No, I don't think you're just allowed to do that, because actually the galaxies are not (only) moving away from us, but the universe expands ("space is being created in between"). A famous analogy is that of coins on a balloon: if you inflate the balloon, the distance between the coins increases, while they are not actually moving relative to each other (if you'd draw a grid on the balloon, the coordinates of the coins would not change). But to an observer on one of those coins, it would seem that the other ones were moving away from him (in all directions, making it seem he was himself at the center of the expansion). In fact, it is possible to have them receding faster than the speed of light, I believe, because there is not actual "motion" involved in the normal sense.

I know you are not suppose to use SR with when velocities are close to the speed of light.
I think you said that the wrong way 'round (or I just understood it that way). SR is exactly meant for the regime where v ~ c.
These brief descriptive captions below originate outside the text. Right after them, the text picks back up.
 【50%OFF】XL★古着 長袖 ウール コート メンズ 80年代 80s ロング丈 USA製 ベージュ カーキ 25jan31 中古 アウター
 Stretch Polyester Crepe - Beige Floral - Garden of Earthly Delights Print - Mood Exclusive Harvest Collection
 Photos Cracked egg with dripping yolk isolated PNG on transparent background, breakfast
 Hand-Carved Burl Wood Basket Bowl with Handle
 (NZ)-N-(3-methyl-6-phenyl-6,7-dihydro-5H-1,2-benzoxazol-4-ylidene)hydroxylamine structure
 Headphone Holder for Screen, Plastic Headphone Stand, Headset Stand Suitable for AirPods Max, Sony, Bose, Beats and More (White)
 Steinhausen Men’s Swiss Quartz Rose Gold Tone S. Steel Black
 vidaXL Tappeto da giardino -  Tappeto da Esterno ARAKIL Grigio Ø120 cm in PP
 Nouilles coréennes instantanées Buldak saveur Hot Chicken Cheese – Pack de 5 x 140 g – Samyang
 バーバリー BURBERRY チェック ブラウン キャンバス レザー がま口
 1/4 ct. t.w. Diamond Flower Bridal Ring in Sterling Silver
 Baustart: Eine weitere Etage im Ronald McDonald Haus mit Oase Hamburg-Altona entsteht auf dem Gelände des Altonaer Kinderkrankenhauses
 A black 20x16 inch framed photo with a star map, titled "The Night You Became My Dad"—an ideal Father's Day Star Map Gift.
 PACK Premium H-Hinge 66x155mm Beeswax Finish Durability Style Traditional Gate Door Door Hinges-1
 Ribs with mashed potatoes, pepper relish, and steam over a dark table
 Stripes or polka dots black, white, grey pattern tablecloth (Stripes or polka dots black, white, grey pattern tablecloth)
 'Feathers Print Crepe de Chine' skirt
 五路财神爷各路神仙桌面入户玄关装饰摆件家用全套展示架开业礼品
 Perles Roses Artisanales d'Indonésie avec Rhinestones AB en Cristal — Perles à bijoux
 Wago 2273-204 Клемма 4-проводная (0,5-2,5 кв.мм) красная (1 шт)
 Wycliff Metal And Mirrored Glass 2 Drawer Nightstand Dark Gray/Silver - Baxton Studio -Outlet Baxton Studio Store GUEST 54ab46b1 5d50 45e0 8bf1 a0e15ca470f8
I am not sure if a velocity due to universal expansion is really a velocity, just like relitivistic mass is not really mass.
As I explained, AFAIK it's not. But not in the same what that "relativistic mass is not really mass".
 
A consequence of GR is that you cannot compare velocities at different spacetime points. The term "speed of recession" is not what it sounds like.
 
Well then GR is out and SR is Ok.
Another question.

In SR, can I calculate gravitational force from a distant mass by using its rest mass or its relativistic mass in Newton’s Gravitation equation?
I don’t think I am suppose to do this.

How can I calculate an acceleration or a force caused by a very distant mass?
Is it possible?
 
duordi said:
If I want to consider the velocity of distant receding galaxies which may be receding at velocities close to the speed of light can I use SR?
I think you must use GR because, IIRC, distant receding galaxies can be receding at velocities much greater than the speed of light. This is possible in GR, but not in SR.
 
I think the problem with using SR is that the spacetime has to be flat, and in the cosmology we observe it is not. In a flat spacetime, say where you only had a "Big Bang" of test particles with no appreciable gravity, you might be able to get away with SR and just note that your perceptions of distant regions are highly length contracted relative to what they perceive locally (a la the "Milne" model), so if you wanted to have a test-particle equivalent of a cosmological principle, you'd have to include that carefully. You would be using a coordinatization where the recession speeds are never superluminal. Note that whether they are faster than c in our own universe is also a coordinate dependent issue-- I believe this was genneth's point that the concept of velocity is not terribly meaningful at distantly separated points, it is just a choice of coordinates. But in our universe, if you choose comoving-frame coordinates where the local coordinate charts follow the gradual separating of the galaxy clusters, the recession rate is faster than c for the most distantly observed galaxies. Could you get that by using comoving frame coordinates in flat spacetime? Perhaps you could.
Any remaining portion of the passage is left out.